Thursday, 05.15.2008 / 11:09 PM / 2008 Stanley Cup Playoffs

By NHL.com Staff


Q. Danny, you met yesterday with John Stevens, I guess, you and Mike [Richards] both met with him to talk about the line change.  How did that go and what did you think of the results of the change tonight?  Was that a factor in you guys getting on track?

DANIEL BRIERE: I believe so.  I thought, you know, two lines that moved around had a lot of jump.  You know, Richie's line, and Vinny [Prospal]'s line both created a lot of scoring chances.  When we met with him, we    I played the wing before.  I played quite a bit when I was in Phoenix, I played a little bit when I was in Buffalo.  So moving to the wing for me is not something that bothers me.  I was fine with it.  And the way we play, anyway, I mean in today's game, it just seems you're all over the place.  After the faceoff, it's read and react.  A lot of times you can end up anywhere on the ice.

So it's just for the face off.  I didn't have a problem.  When he said to play with Richie, I just felt we had a lot of chemistry on the power play throughout the year, and I thought, wow, maybe that can work five on five.  So I was excited and enthusiastic about the idea.
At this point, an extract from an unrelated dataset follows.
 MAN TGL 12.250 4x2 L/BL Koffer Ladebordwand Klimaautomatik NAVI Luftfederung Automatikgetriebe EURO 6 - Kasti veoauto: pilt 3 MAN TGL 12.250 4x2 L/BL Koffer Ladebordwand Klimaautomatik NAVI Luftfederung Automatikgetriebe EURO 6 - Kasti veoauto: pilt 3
Q. Marty, seems to me that in the last two series, controlling your rebounds has been a big strength, then tonight grabbing the puck really up high like this.  Has that been a big focus?
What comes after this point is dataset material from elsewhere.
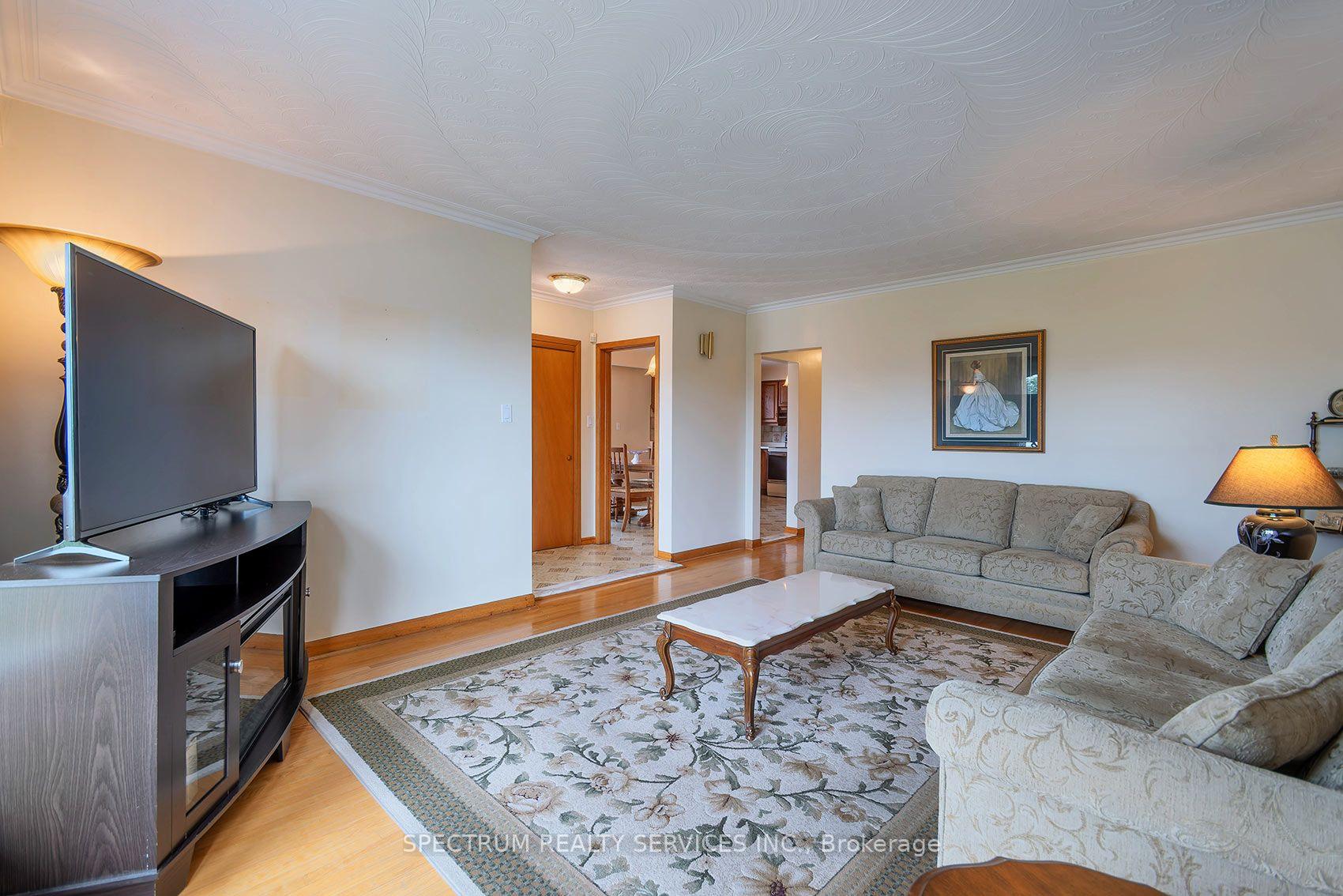 Photo 9 of 37 Jocada Road, North York, Maple Leaf — HOMEH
MARTIN BIRON:  Yeah, especially against a team like the Penguins.  You don't give them the second opportunity, you know, you can smother their attack and that makes a big difference.  In the first few games, they've gotten rebounds goals, they've got scrums around the net where they were able to bring it back up and organize their attack again.  I think tonight we did a good job of maybe boxing out a little bit more, and seeing a little bit more of the shots.  When you're able to do that, it sticks a little bit better.

Q. You played tonight like you had played in games against Montreal and Washington.  It looked very similar.  Did you feel any different, do anything differently?  Was there anything preparation wise?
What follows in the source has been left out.